# jd 318 blowing fuses



## modman29 (Sep 1, 2010)

I have a jd 318 (w/ onan motor) It will run fine for about 5 minutes than the 20 amp fuse will blow and will not start until I change the fuse. It will do this all day if I keep changing the fuses. I looked all over and donot see anything bad unless I am missing it. I did notice on the hour meter there is an extra black wire that is not hooked up to anything, I do not know if that could be the problem , but I do not know where it plugs into. Any help or direction on my problem would be helpful. Thanks


----------



## wjjones (May 28, 2010)

modman29 said:


> I have a jd 318 (w/ onan motor) It will run fine for about 5 minutes than the 20 amp fuse will blow and will not start until I change the fuse.
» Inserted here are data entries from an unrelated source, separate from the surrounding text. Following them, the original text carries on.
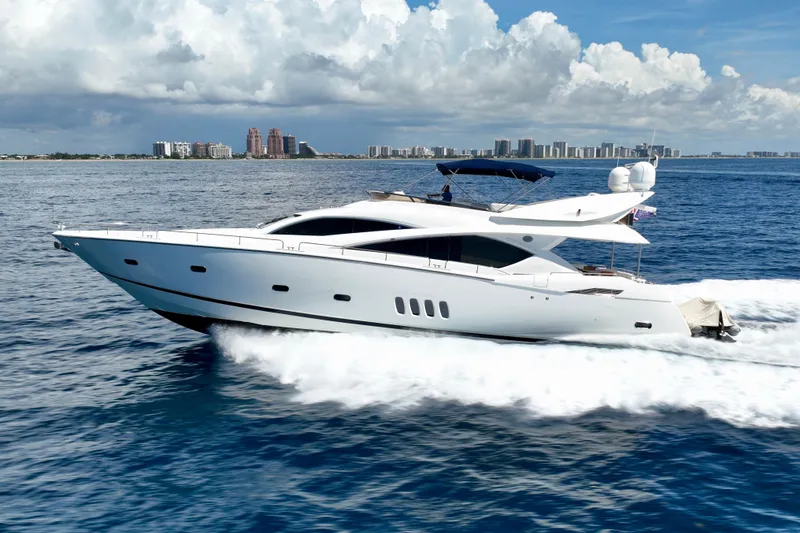 Slide: The Image of 2005 Sunseeker 82 Yacht cruising on open water with city skyline in background. - 2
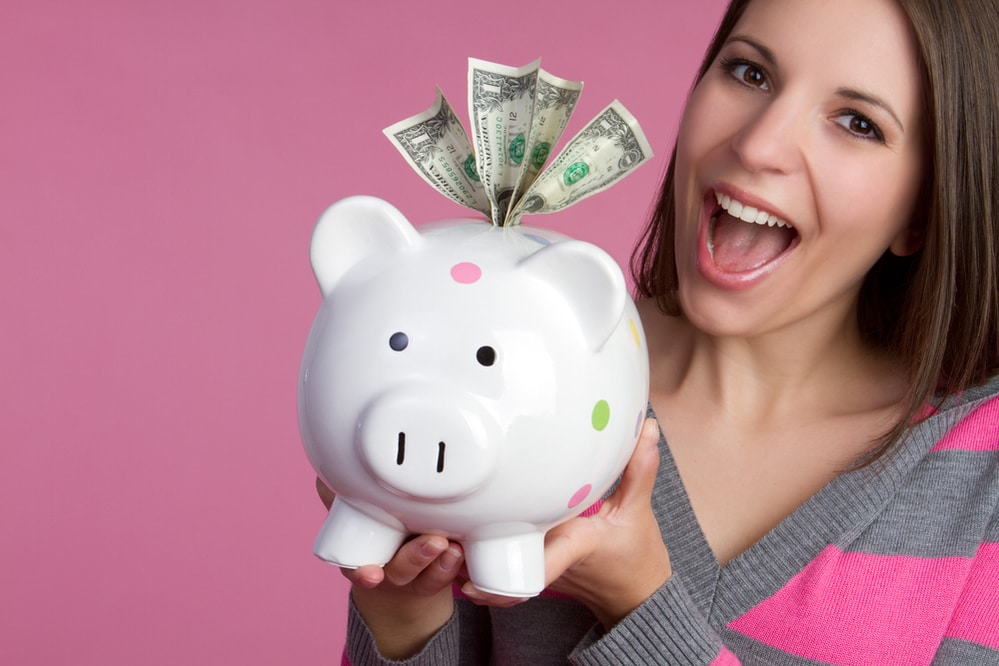 A happy young woman holding a piggy bank with money against a pink background - "How to Invest 10k" - Investment U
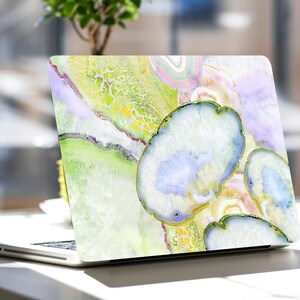 May include: A laptop computer with a colorful abstract design on the back. The design features shades of green, yellow, blue, and purple, resembling agate slices.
It will do this all day if I keep changing the fuses. I looked all over and donot see anything bad unless I am missing it. I did notice on the hour meter there is an extra black wire that is not hooked up to anything, I do not know if that could be the problem , but I do not know where it plugs into. Any help or direction on my problem would be helpful. Thanks


 You might try wrapping the end of that plug with electrical tape to see if it isolates the problem with blowing the fuse? Sometimes it can be the smallest chaffed place in a wire cover that will create a short, and very hard to find..


----------



## jhngardner367 (Apr 5, 2011)

ByeIs there a certain time it does it,ie when you engage the pto,when you use the lights,etc? Also,watch the volt meter,and see if it spikes when it happens.


----------



## modman29 (Sep 1, 2010)

I can leave the tractor just idle for a little while and the fuse will blow ( no lights or pto ) .


----------



## dangeroustoys56 (Jul 26, 2010)

How old is it? Id go over all the wires and check for shorts/open wires.

I have a 82 dynamark that had its factory ign switch ( 29 years old) - got so worn it actually fried the fuse to the ign switch and would also kill the tractor when i was mowing sometimes - the vibrations caused it to do one or the other- i put a new switch in and it solved the issue.


----------



## jhngardner367 (Apr 5, 2011)

I'm inclined to agree with DT56.It sounds as though the switch may be shorting across to one or more terminals. I'd try this: disconnect the switch,and run a jumper wire to the coil terminal that comes from the switch.This will let the engine start,with out running through the switch,and if it still blows the fuse,it's backfeeding the harness.


----------